The Star Spangled Banner, imagery created by Francis Scott Key in his poem written while aboard a British ship (he had been working as an American agent for prisoner exchange and was forced to remain aboard until after the assault on Fort McHenry) is the name for the well-known poem written by Key and later put to borrowed music. It became so popular that by 1916 Woodrow Wilson (by executive order) declared it the National Anthem. Later Congress, by resolution declared it again the National Anthem. Now neither of these actions have any Constitutional standing apart from some national being of the former republic. It was no accident that the seceding Southern states called themselves a confederacy (C.S.A.)
In light of the current brouhaha over football players (those mental giants of society) not standing when it is played, I remarked to a friend recently with whom I had served in the Marine Corps that I had never in my life stood for The national Anthem, nor saluted it in the service. Immediately he contradicted me and said he had not only seen me salute it but had been to ballgames where I stood when it was played. In my clever good- old- boy Southern way (he is Southern too—just didn’t have his thinking cap on) I replied “Au Contraire oh blind and foolish one. What you saw was my standing or saluting The Star Spangle Banner—NOT The National Anthem.”

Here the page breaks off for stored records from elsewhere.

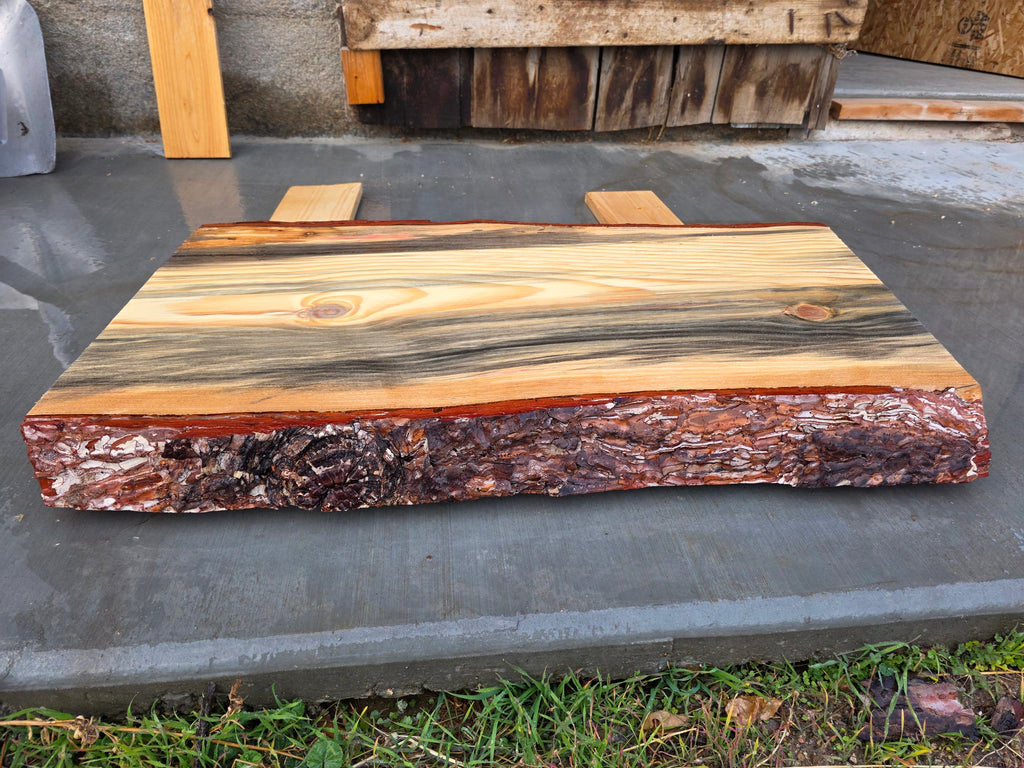 Pine with Red and Grey Hue 2"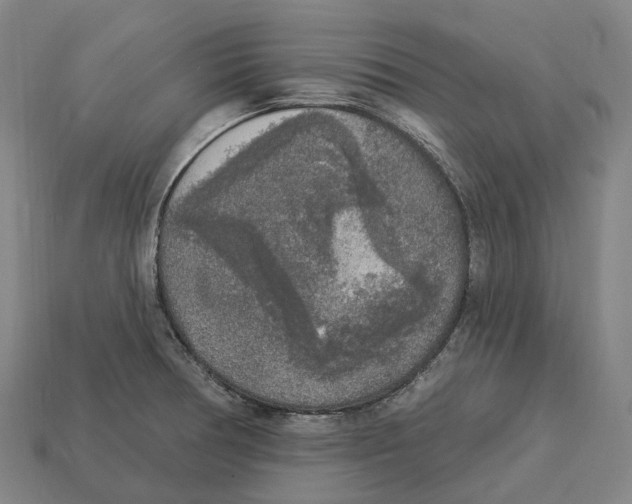 X0000113101378200909251022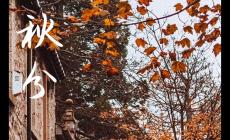 關(guān)于秋分節(jié)氣唯美句子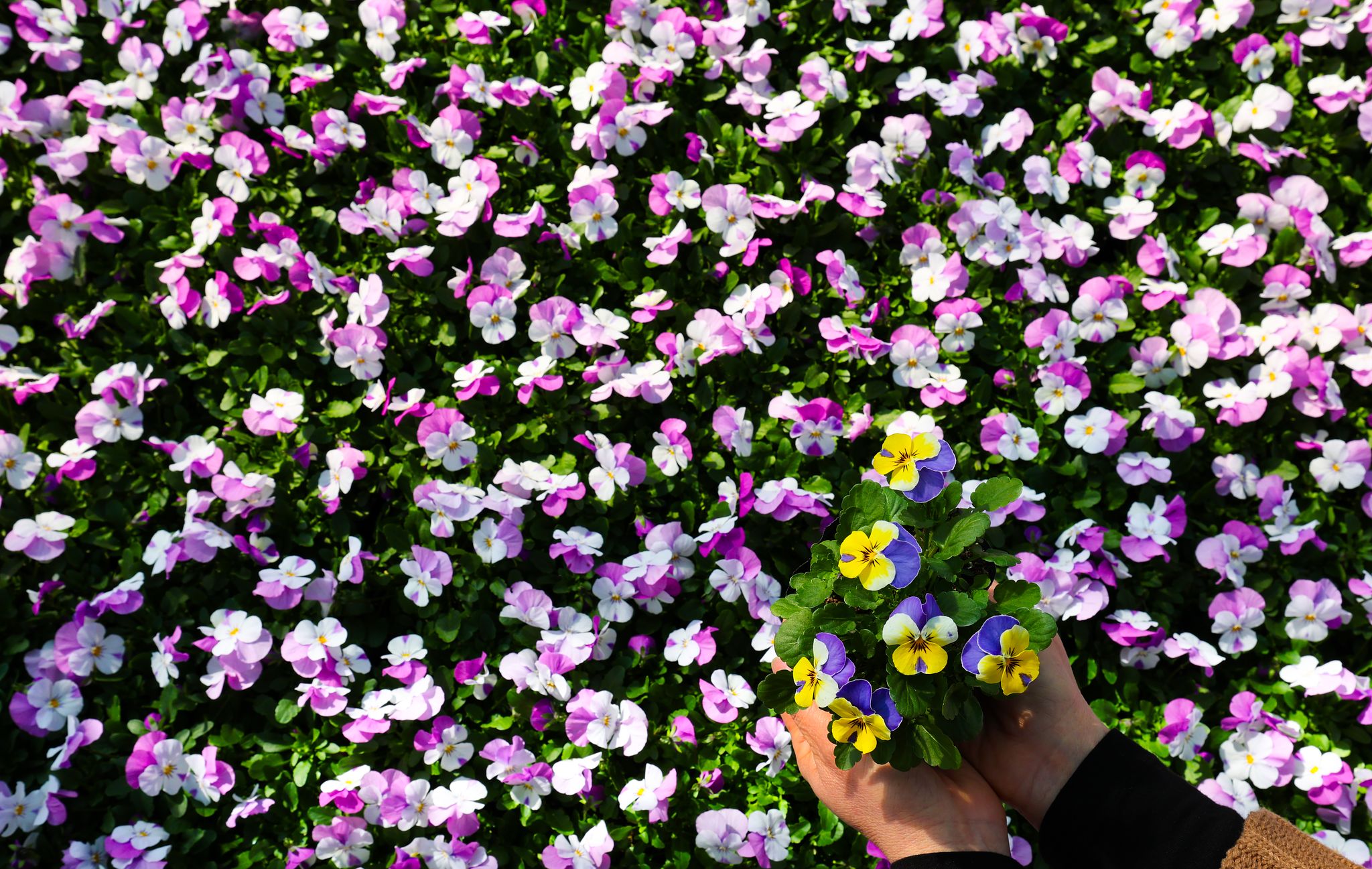 대전 중구 양묘장. 뉴스1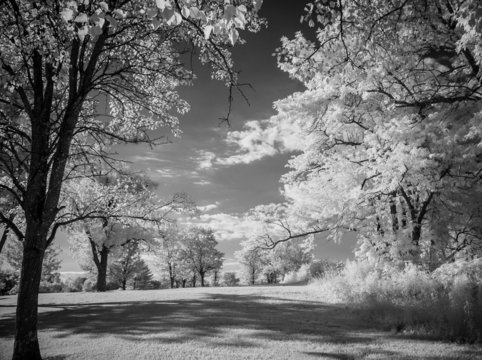 trees in infrared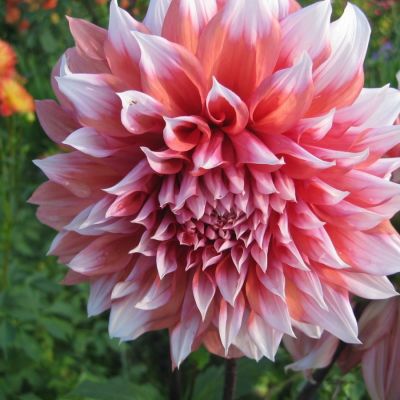 Георгина Голландский фестиваль Георгина Голландский фестиваль - Dolina-Sad.Ru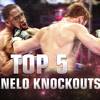 Top 5 Canelo Knockouts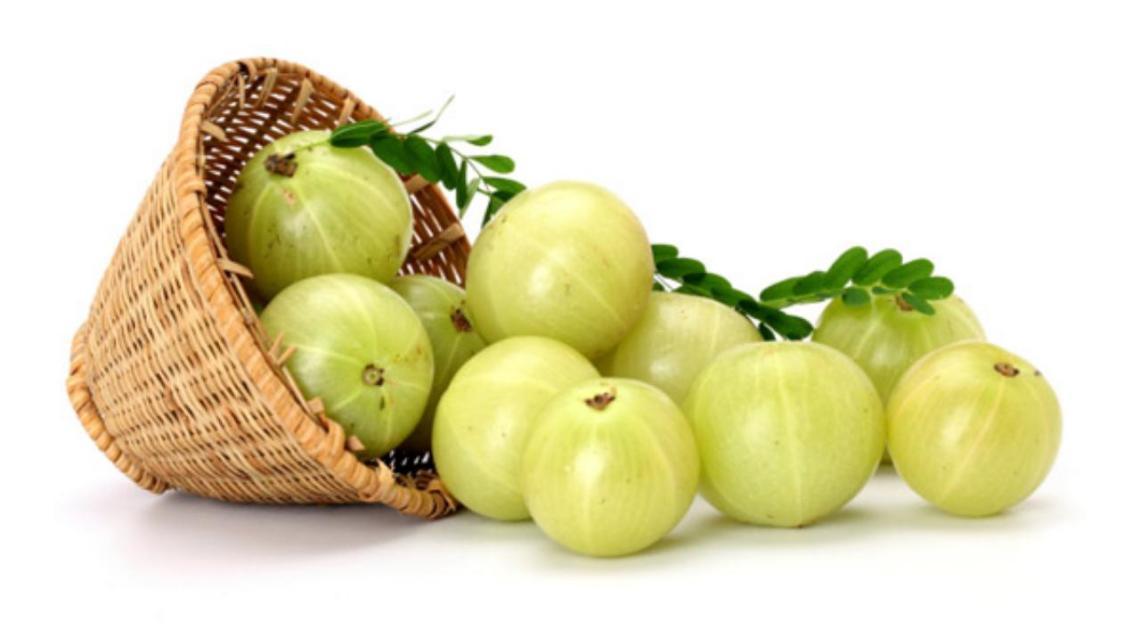 ����, ������� (emblica officinalis) 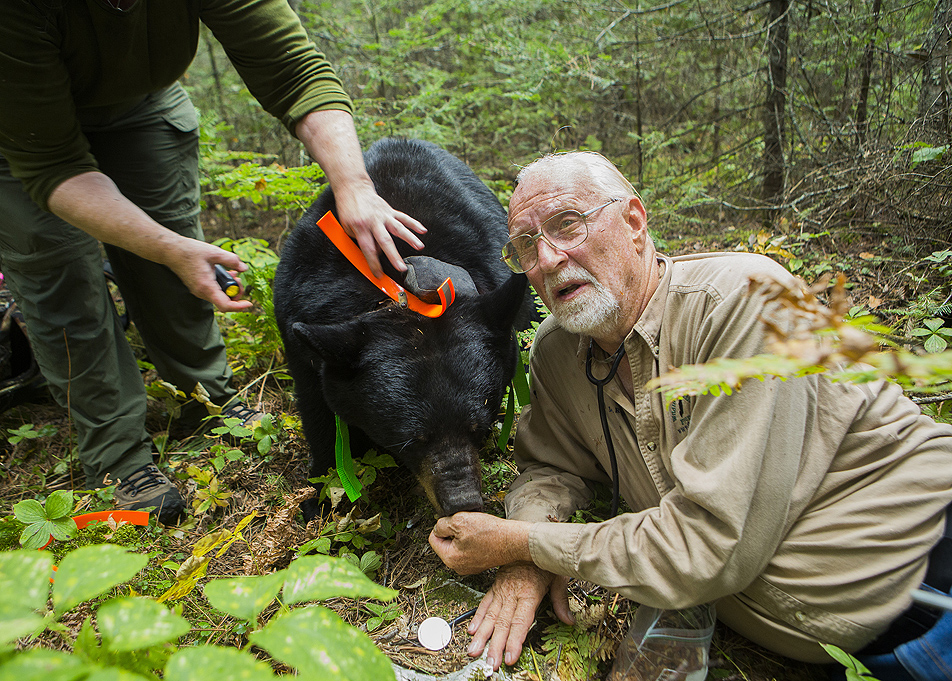 Rogers feeds June by hand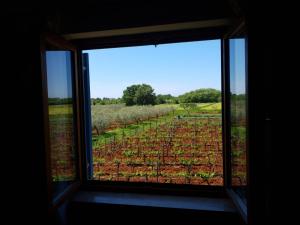 Apartment and Rooms Hacienda Stelio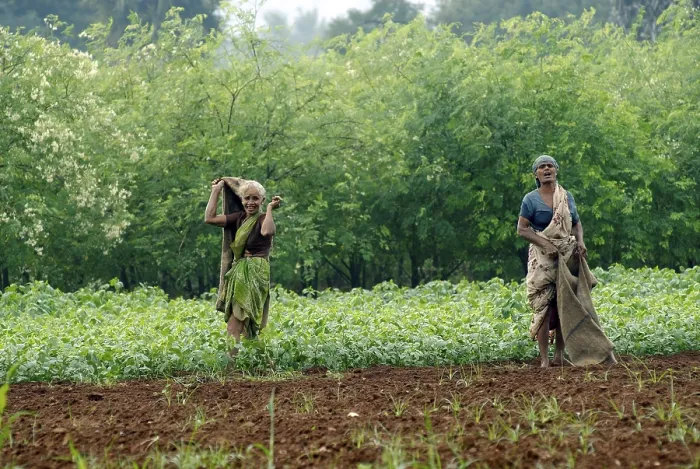 Framed Print : Farm workers on a rainy monsoon day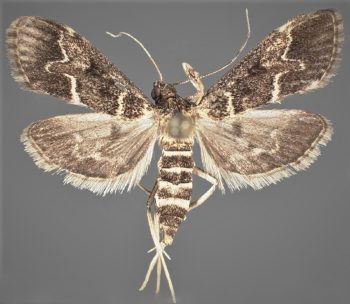 photo of a gray and white moth against a gray background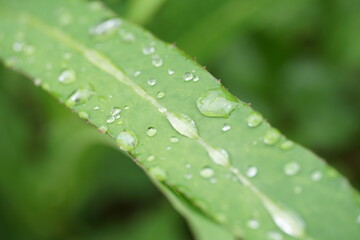 leaf with drops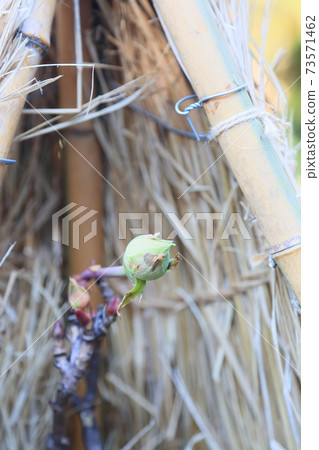 冷牡丹的芽 冷牡丹的芽 73571462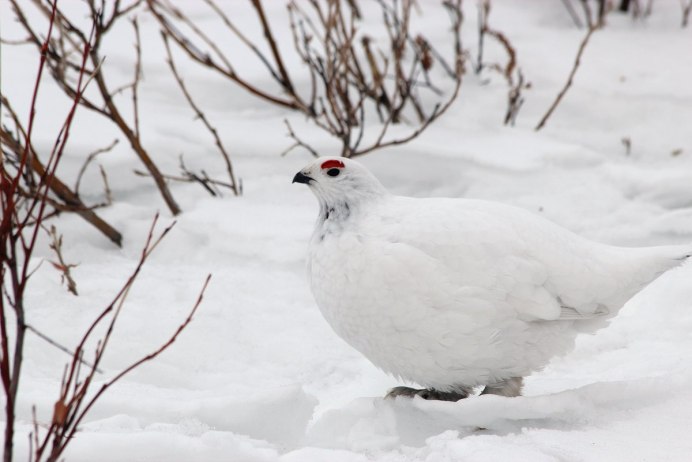 Ростовская серая куропатка
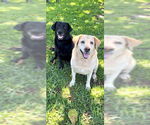 Small #4 Labrador Retriever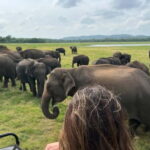 From Sigiriya/Habarana: Minneriya National Park Safari - FAQs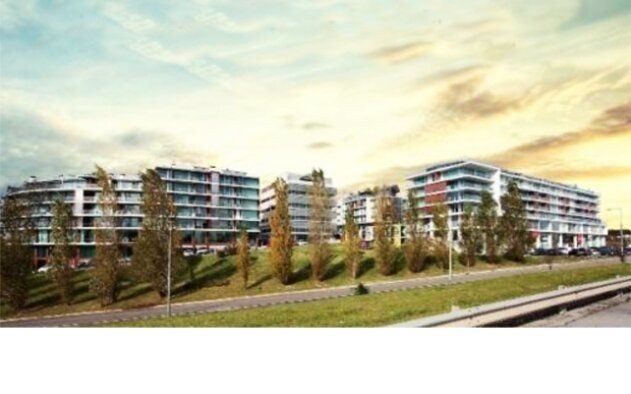 Project Mirador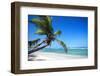 Tropical Beach with Beautiful Palms-pashapixel-Framed Photographic Print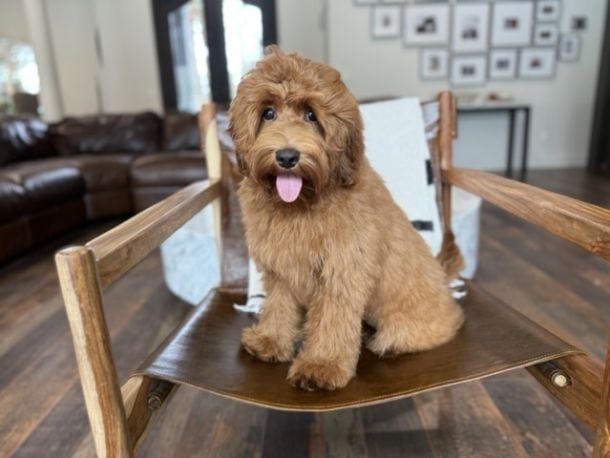 Red Australian Labradoodles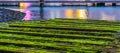 Wooden planks covered in moss, water landscape scenery, tranquil nature background Royalty Free Stock Photo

I fully realize that the great number of “citizens” (not the people anymore) subscribe to the belief that we are endowed by a national government and as such we have certain paraphernalia that we must acknowledge as splendid and endowed by governmental-spiritual diktat: The National Anthem, the national cathedral, the national endowment for this or that…and the well-known, by injunction, but lesser known by history, the Pledge of Allegiance; though long without the national moniker I’m certain it won’t be long before some idiot in Congress presents a proposed Congressional resolution to name it the National Pledge of Allegiance. More on this little misfit later.
Great praises are hailed by media broadcasters for those players who do stand during the playing of the Star Spangled Banner, without ever considering the ambush they have laid for themselves. After all Francis Scott Key was a Southerner and by national extension a racial bigot and Negro (now blacks) hater because he was a slave owner. Not to be outdone, his grandson Francis Key Howard had the temerity to criticize Lincoln and subsequently he (Howard) was promptly held without Habeas Corpus, which was the very thing he had been critical of Lincoln for. Therefore, if the national government has embraced and encompassed Francis Scott Key it must have embraced bigotry.
Francis Scott Key was a member of The American Colonization Society, an organization that promoted the emigration of free blacks to Africa (in order to rid American society of them due to several concerns). If Lincoln was not a member, he strongly supported the American Colonization Society from around 1840 until 1863 when it got a bit awkward for him, as he had begun using blacks as cannon fodder in the war against the bigots. Curiously while the contemporary political powers seem to frame themselves, at least regarding Lincoln, around The Three Wise Monkeys, certainly they cannot hide from Francis Scott Key’s bigotry. So when will some brave politician (oxymoron?) determine that the monument to Key in Baltimore need be removed? After all, the same sculptor, Antonin Mercie’, who created it, created the statue of Robert E. Lee in Richmond.
Whether or not this fractiousness among football players continues as epidemic or sputters like a bad cold, I wish, at the least, Southern football players could learn who is really on their side. It ain’t the university elites.
When I was a boy in grade school in Mississippi we always stood for the Star Spangle banner and we ALWAYS stood when Dixie was played (which was often). The other day while being checked out at the counter of a store I received a call on my cell phone which has the ring tone of Dixie (yes you can download it). The Vietnamese lady who was checking me out said, “Oh what is that music?” I told her and she replied, “Oh that is wonderful song. I like it.” I told her that if she remained in Texas long enough maybe she would, as I do, come to love it. I hope someone comes along some day and tells her The Pledge of Allegiance was written in 1900 by a defrocked socialist minister who was trying to sell flags. Maybe by then those football players will stand for the Star Spangled Banner. And the ones down South will stand once again for Dixie.